First Congo War (1996-1997)
In 1996 a regional coalition formed to overthrow Mobutu: Angola, Uganda, Rwanda and Burundi. Yoweri Museveni, president of Uganda, and Paul Kagame, president of Rwanda, sought out Laurent Kabila in Dar es Salaam in Tanzania, to be the head of the new Congo government, replacing Mobutu. In October 1996 the Rwandan army invaded the Congo, starting at the African Great Lakes region. The overthrow of Mobutu Sese Seko happened in May 1997. Mobutu fled across the Congo river to the Republic of the Congo.
Regime of Laurent Kabila
Laurent Kabila was sworn in on May 29, 1997 in Kamanyola stadium. Congolese who had fled abroad during the reign of Mobutu Sese Seko returned to take up government appointments. Laurent Kabila ruled the Congo from May 1997 to August 1998. During this time, Kabila did nothing to help the people, but only consolidated his power. On the plus side, he was not as bad as Mobutu.
Second Congo War (1998-2003)
The Congolese Rally for Democracy (RCD) was formed in 1998 to remove Laurent Kabila from power in the Congo. It was made up of leaders from Rwanda, Uganda and Burundi.
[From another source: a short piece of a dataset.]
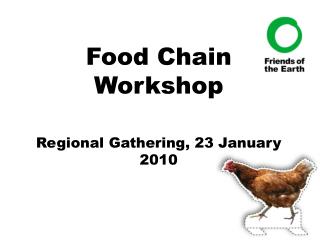 Food Chain Workshop Regional Gathering, 23 January 2010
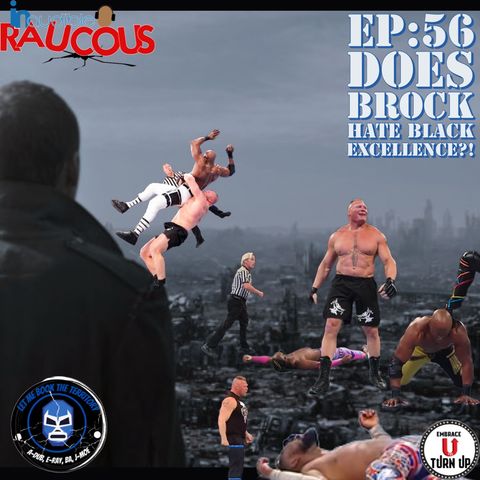 Does Brock Hate Black Excellence?!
Once they crossed the border into the Congo, the RCD soldiers received insufficient supplies from Rwanda, so they had to pillage the countryside, making enemies of the villagers. Many Bantu Congolese saw the Banyamulenge Tutsi as foreigners, who were not loyal to the Democratic Republic of the Congo. Local (Mai-Mai) militias fought the RCD, because they saw that army as a proxy for Rwanda. Laurent Kabila armed these Mai-Mai militias, and said that any Tutsi with a weapon, whether soldier or civilian, should be shot. Zimbabwe, Angola, Namibia and Chad supported the Kabila regime. In particular, Robert Mugabe, dictator of Zimbabwe, supported Kabila, because Kabila owed him money and so should stay in power long enough to pay Mugabe back. Also, Mugabe made money by selling arms to Kabila.
Movement for the Liberation of the Congo (MLC)
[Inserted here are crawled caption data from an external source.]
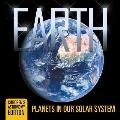 Earth: Planets in Our Solar System Children's Astronomy Edition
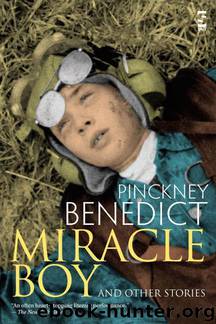 Miracle Boy and Other Stories by Benedict Pinckney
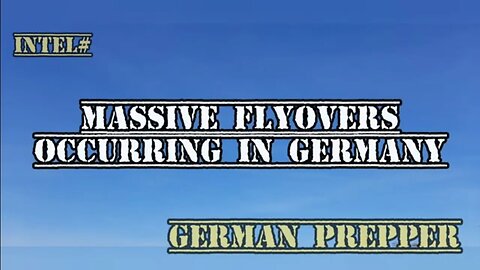 Intel# Massive Flyovers Occurring In Germany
Part of the second Congo war was a rebellion in the northern Congo by the Movement for the Liberation of the Congo (MLC), lead by Jean-Pierre Bemba. Bemba was a businessman, involved with coffee, air transport and mobile phones. The MLC was more homegrown than the RCD, but it did receive some backing from Uganda. The MLC gained control of the northwestern province of Equateur, then moved eastward to the northeastern province of Orientale. In the Ituri region of the Orientale province, the MLC got bogged down in the local ethnic conflict between the Hema herders and the Lendu farmers, so it retreated back to Equateur.
End of Second Congo War
Kabila was assassinated in January 16, 2001. Laurent’s son Joseph Kabila took over the reigns later that month. An agreement signed in April 2002 at the Inter-Congolese Dialog in Sun City, South Africa, made Joseph Kabila president and Jean-Pierre Bemba premier. A second agreement was reached at the Inter-Congolese Dialog in December 2002. The transitional government specified by this treaty started governing in July 2003.